Globally approximately 250 million people have osteoarthritis of the knee (3.6% of the population). OA affects nearly 27 million people in the United States, accounting for 25% of visits to primary care physicians, and half of all NSAID prescriptions. It is estimated that 80% of the population have radiographic evidence of OA by age 65, although only 60% of those will have symptoms. In the United States, hospitalizations for OA increased from 322,000 in 1993 to 735,000 in 2006.
In the United States, there were approximately 964,000 hospitalizations for osteoarthritis in 2011, a rate of 31 stays per 10,000 population. With an aggregate cost of $14.8 billion ($15,400 per stay), it was the second-most expensive condition seen in U.S. hospital stays in 2011. By payer, it was the second-most costly condition billed to Medicare and private insurance.

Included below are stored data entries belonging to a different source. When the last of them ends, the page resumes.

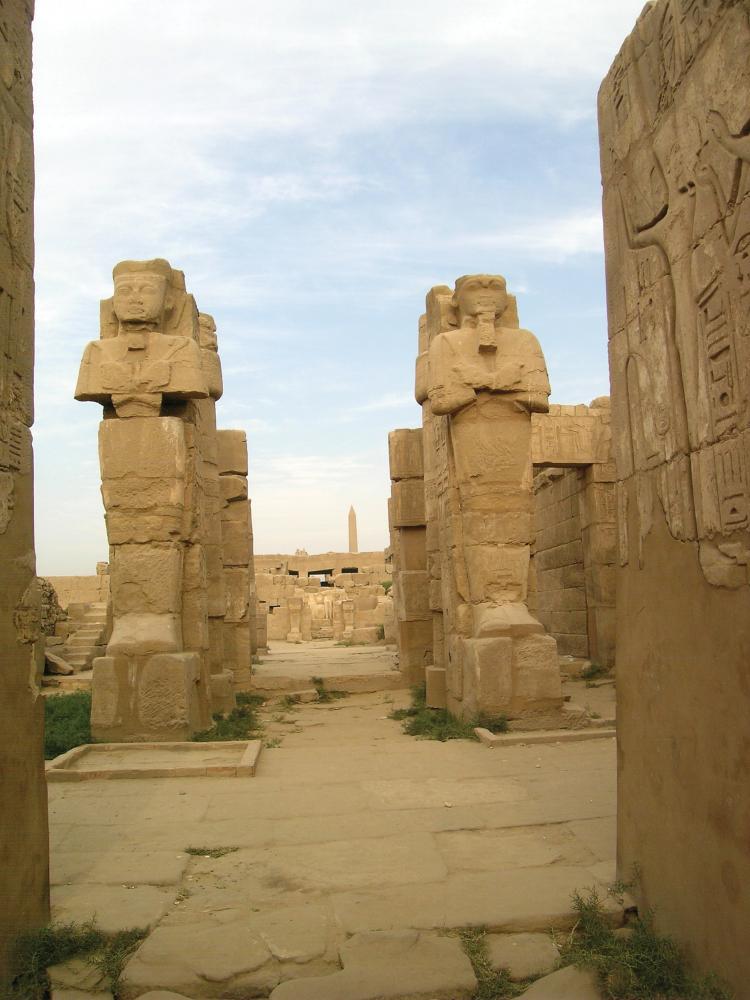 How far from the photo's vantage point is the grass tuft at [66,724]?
23.1 feet

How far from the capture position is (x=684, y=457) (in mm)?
2971

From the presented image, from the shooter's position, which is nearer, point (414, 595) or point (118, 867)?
point (118, 867)

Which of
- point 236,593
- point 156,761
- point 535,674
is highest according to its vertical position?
point 236,593

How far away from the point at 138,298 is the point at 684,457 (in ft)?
20.4

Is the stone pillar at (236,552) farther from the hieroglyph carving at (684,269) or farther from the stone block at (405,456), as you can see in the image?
the hieroglyph carving at (684,269)

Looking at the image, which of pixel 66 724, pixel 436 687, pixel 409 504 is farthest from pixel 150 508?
pixel 409 504

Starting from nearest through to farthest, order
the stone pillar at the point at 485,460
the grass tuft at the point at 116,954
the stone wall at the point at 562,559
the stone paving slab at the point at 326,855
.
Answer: the grass tuft at the point at 116,954 → the stone paving slab at the point at 326,855 → the stone pillar at the point at 485,460 → the stone wall at the point at 562,559

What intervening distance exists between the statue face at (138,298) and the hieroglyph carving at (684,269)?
5.28 metres

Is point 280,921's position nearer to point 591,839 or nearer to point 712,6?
point 591,839

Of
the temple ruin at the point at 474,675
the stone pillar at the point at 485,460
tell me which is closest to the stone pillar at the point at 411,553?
the stone pillar at the point at 485,460

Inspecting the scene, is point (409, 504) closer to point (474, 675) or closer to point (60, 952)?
point (474, 675)

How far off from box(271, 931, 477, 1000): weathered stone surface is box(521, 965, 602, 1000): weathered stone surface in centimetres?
21

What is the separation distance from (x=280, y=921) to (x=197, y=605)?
5.04 m

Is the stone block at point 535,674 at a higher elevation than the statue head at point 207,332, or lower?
lower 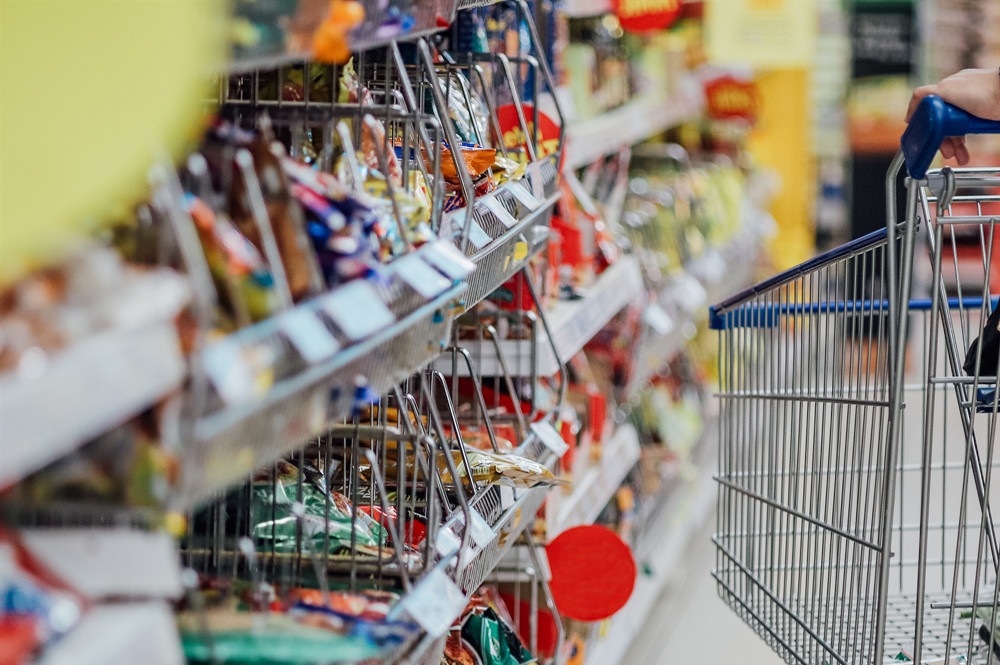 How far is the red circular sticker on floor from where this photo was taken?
2.93 metres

OA is derived from the Greek word part osteo-, meaning "of the bone", combined with arthritis: arthr-, meaning "joint", and -itis, the meaning of which has come to be associated with inflammation. The -itis of OA could be considered misleading as inflammation is not a conspicuous feature. Some clinicians refer to this condition as osteoarthosis to signify the lack of inflammatory response.
Evidence for OA found in the fossil record is studied by paleopathologists, specialists in ancient disease and injury. OA has been reported in fossils of the large carnivorous dinosaur Allosaurus fragilis.
There are ongoing efforts to determine if there are agents that modify outcomes in OA. Sprifermin is one candidate drug. There is also tentative evidence that strontium ranelate may decrease degeneration in OA and improve outcomes.